Fantastic job by the DuckDB team. I’ve been using it for the past year to query 100s of GBs of Parquet files with complex analytic queries involving multiple levels of aggregations, joins and window functions and it all works and works fast. And I do all this from Jupyter Notebook.
Yeah I've started using it with my search engine as well. It's fantastic how versatile it is for data all manner of data munging.
Just the other day I used it to transform an unordered 60 GB CSV file with links and texts into a 3 GB parquet file that's so fast I can create a projection for the relevant data of each partition in like a minute (which then fits in memory).
It has some minor stability issues so I'm not sure I'd build a full blown application on top of it, but for data transformation tasks it's amazing.
We are in the same scenario (querying lots of Parquet files in S3) and we noticed that DuckDB quickly crashes with OOMs in environments with a few gigs of RAM.
Setting the memory limit setting or the disk swap file has not worked.
Not since 0.9.0. There’s been a lot of work on out of core stuff especially with big joins. It’s in the release notes.

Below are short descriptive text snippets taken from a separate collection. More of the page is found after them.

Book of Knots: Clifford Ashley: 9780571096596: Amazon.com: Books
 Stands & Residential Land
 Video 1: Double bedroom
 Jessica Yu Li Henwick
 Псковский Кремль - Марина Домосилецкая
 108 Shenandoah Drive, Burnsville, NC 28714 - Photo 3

Also if you set a temp folder it will spill to disk (not set by default).
I used to have to chunk my data to avoid OOMs but I haven’t had to do that.
That said there are a few more out of core strategies on the roadmap that have not yet been implemented. If you still get OOMs, chunking your data will help.

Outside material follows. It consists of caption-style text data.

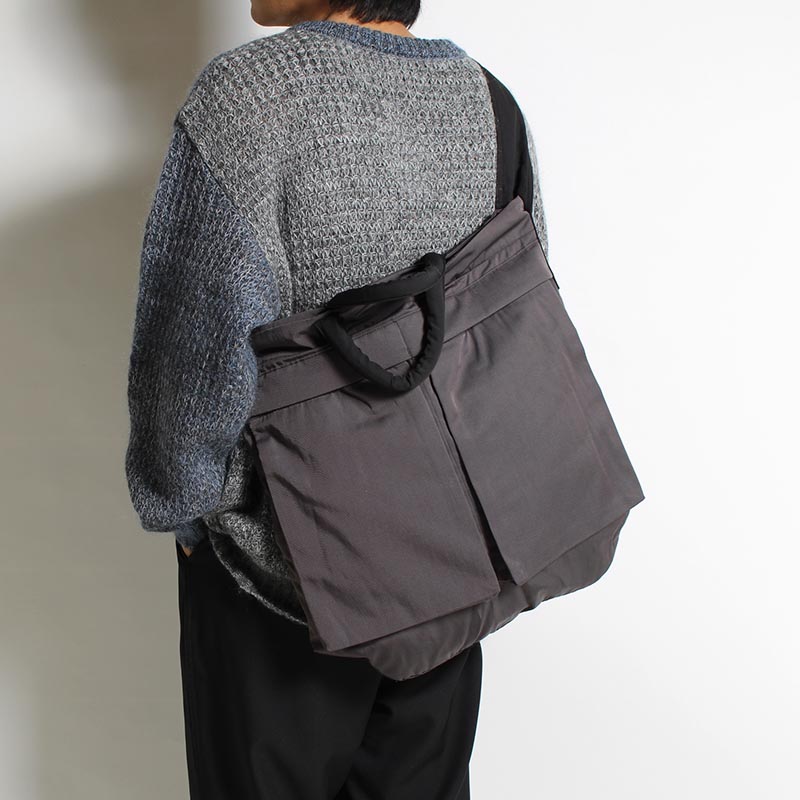 W.S.H TOTE 2-TONE QUILT -CHARCOAL×F.BLACK-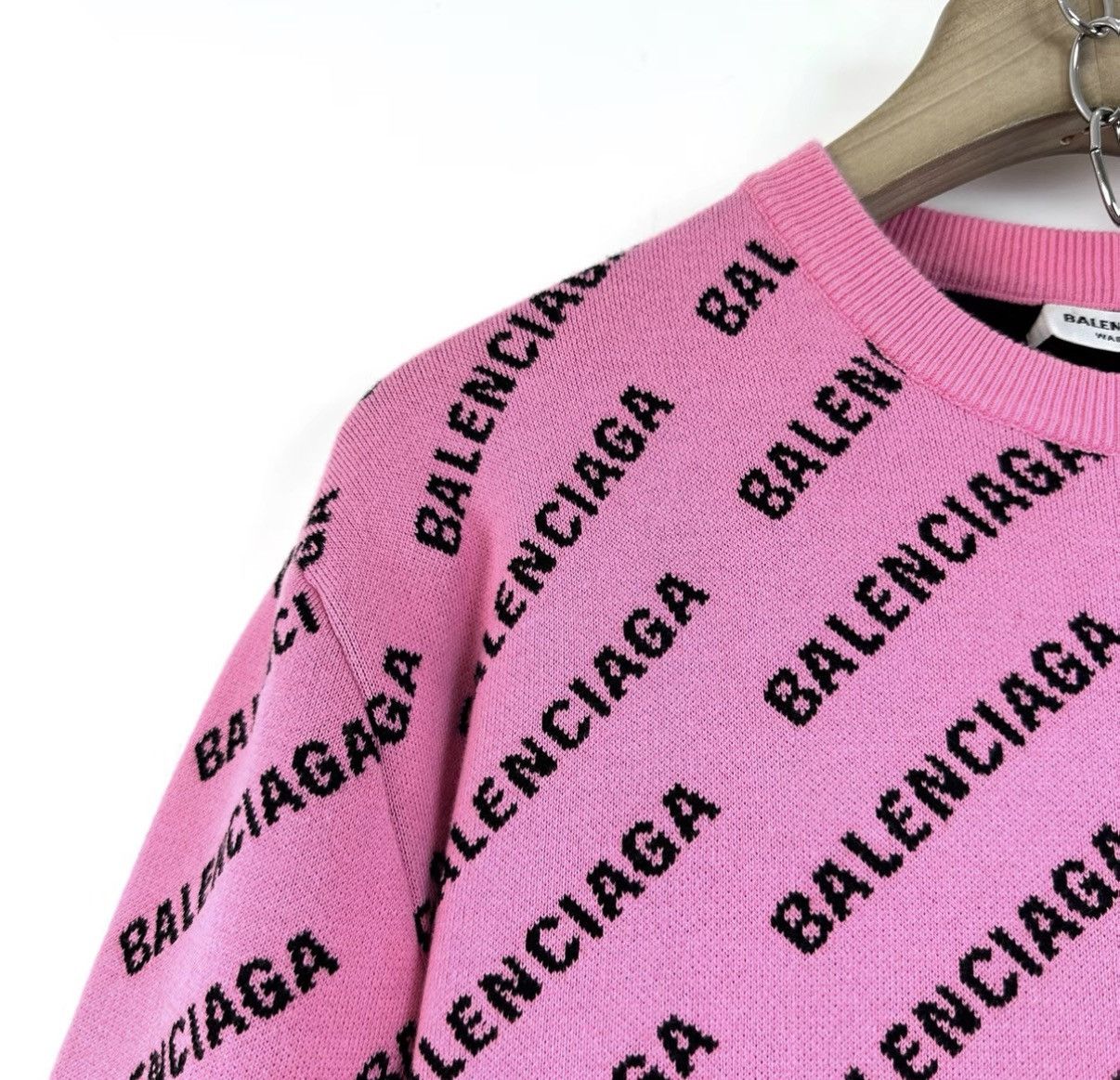 Balenciaga Balenciaga Black & Pink All-Over Logo Knit Sweater K12 Size S / US 4 / IT 40 - 5 Thumbnail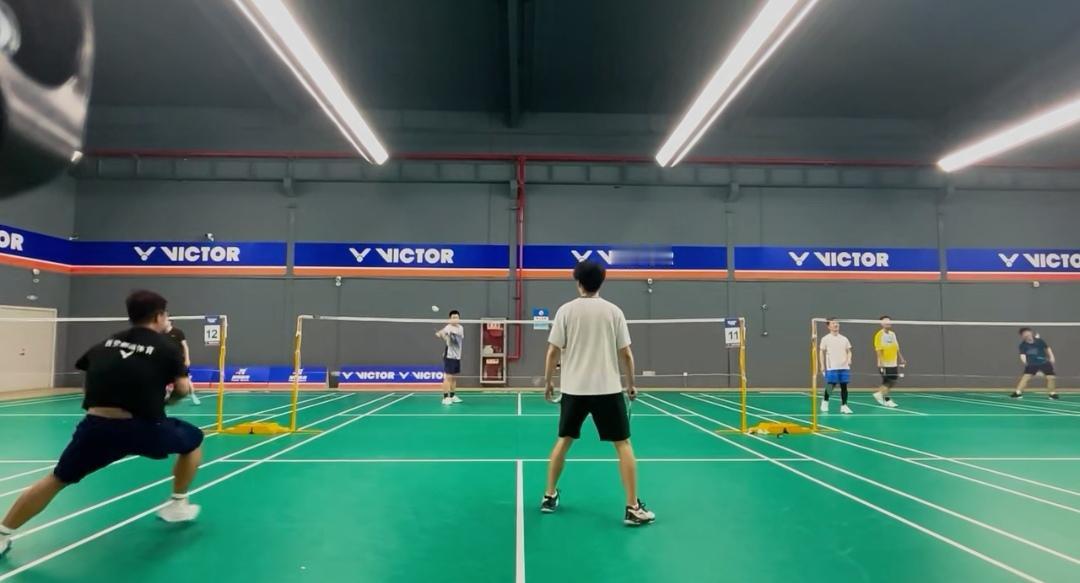 球友的烦恼

羽毛球早晨晨练场上经常能见到一个老师傅，水平相当可以，就是不太爱说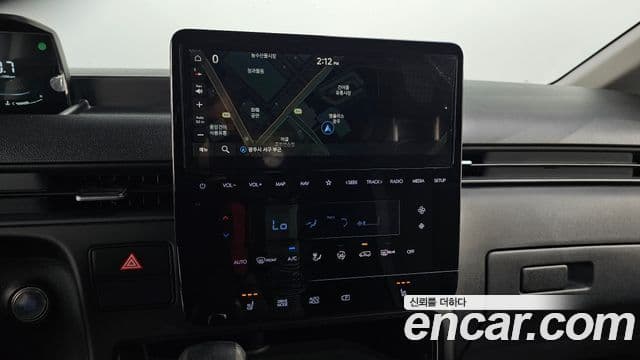Hyundai Staria 2024 — ფოტო 14/20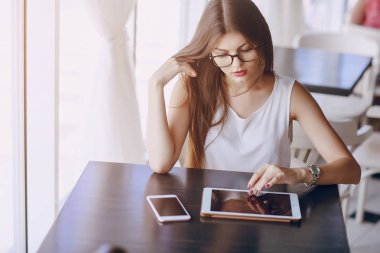 Gözlüklü esmer güzel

Also consider that few gigs of RAM might not be large enough for your workload. Out of core strategies can only do so much.
Breaking it up. Instead of running a query for the entire year, run it month by month and stitch the final results back together.
Or if you have a unique string ID, calculate an integer hash using hash(ID) % 50 to get 50 chunks which you can process separately without OOMing.
A basic assumption is that all the chunks are independent of each other. Chunking is essentially temporary partitioning to fit your processing limitations.
I had the same idea in my mind, but I am struggle to understand efficient implementation.
Say, I have large table A, which I want to group by.
I can chunk it into small tables, for example:
for i in range(64): execute('create table_%i as select * from A where hash(id) % 64 = %i')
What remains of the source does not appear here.